### DATASET CONTENT
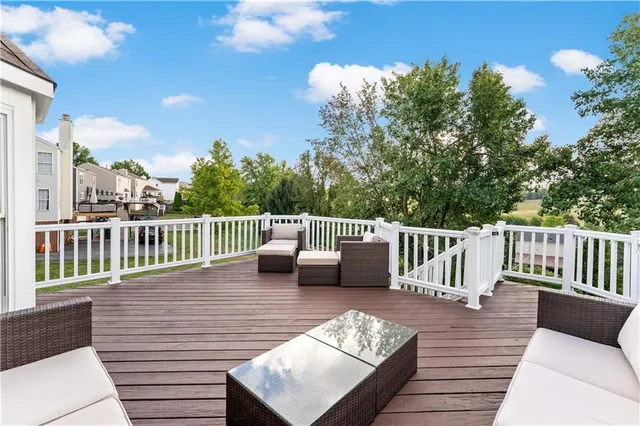 a view of a house with a patio and a yard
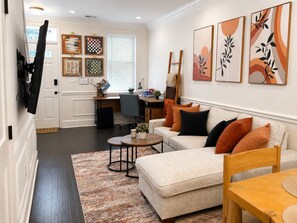 A living room with a sofa, coffee table, and artwork on the wall. - NEW! Charming 3BR/BA home, Private Prkng or Patio, Near Convention Center, Metro (Washington)
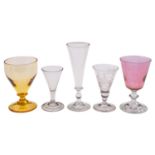 A mixed group of drinking glasses, comprising an ale mug engraved with hops and barley,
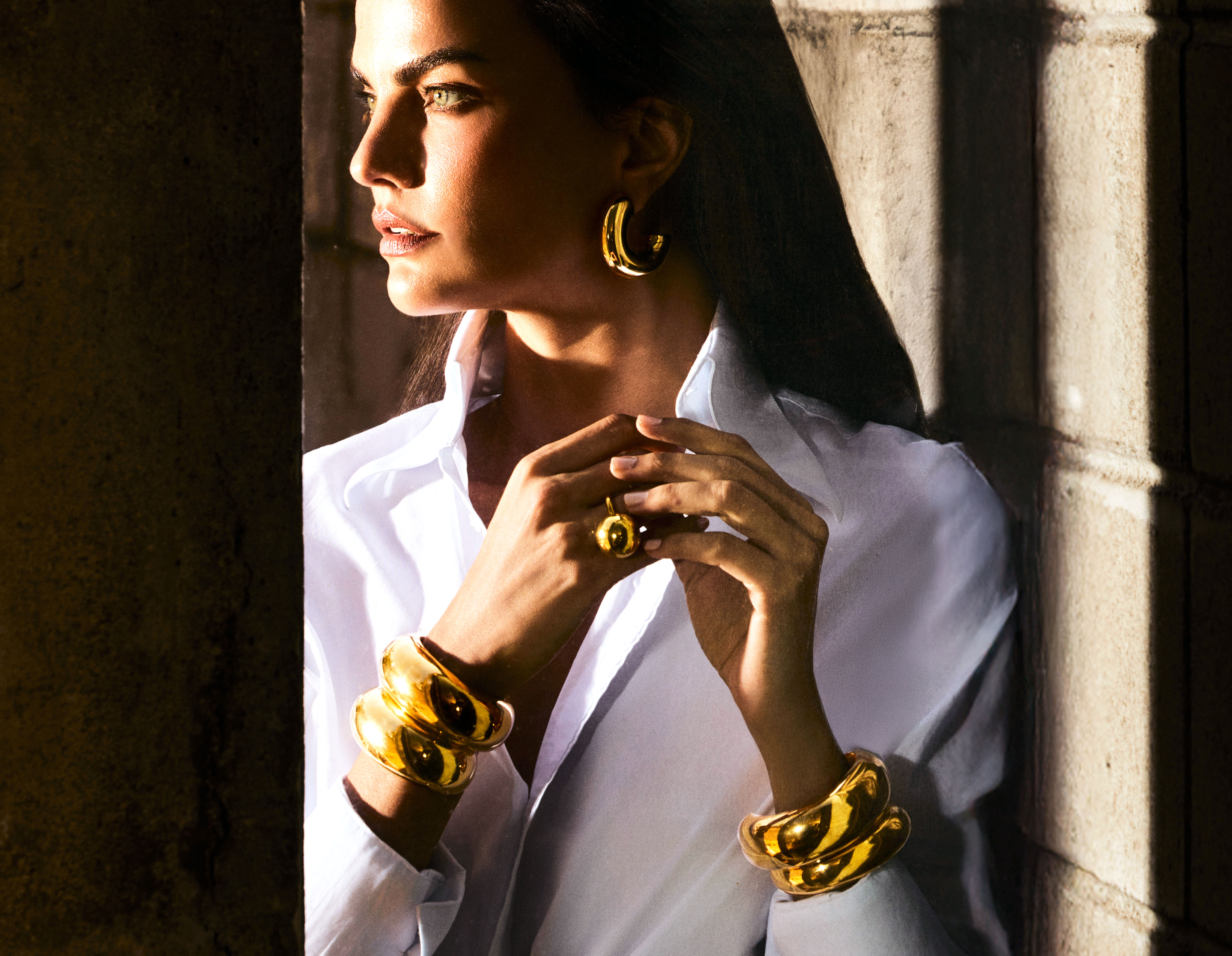 A woman in a white shirt and bold gold jewelry stands in dramatic light, seen in profile.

### WORK REQUIRED
Leave the images out and give the rest of the data again exactly.

### SOLVED EXERCISE
 a view of a house with a patio and a yard
 A living room with a sofa, coffee table, and artwork on the wall. - NEW! Charming 3BR/BA home, Private Prkng or Patio, Near Convention Center, Metro (Washington)
 A mixed group of drinking glasses, comprising an ale mug engraved with hops and barley,
 A woman in a white shirt and bold gold jewelry stands in dramatic light, seen in profile.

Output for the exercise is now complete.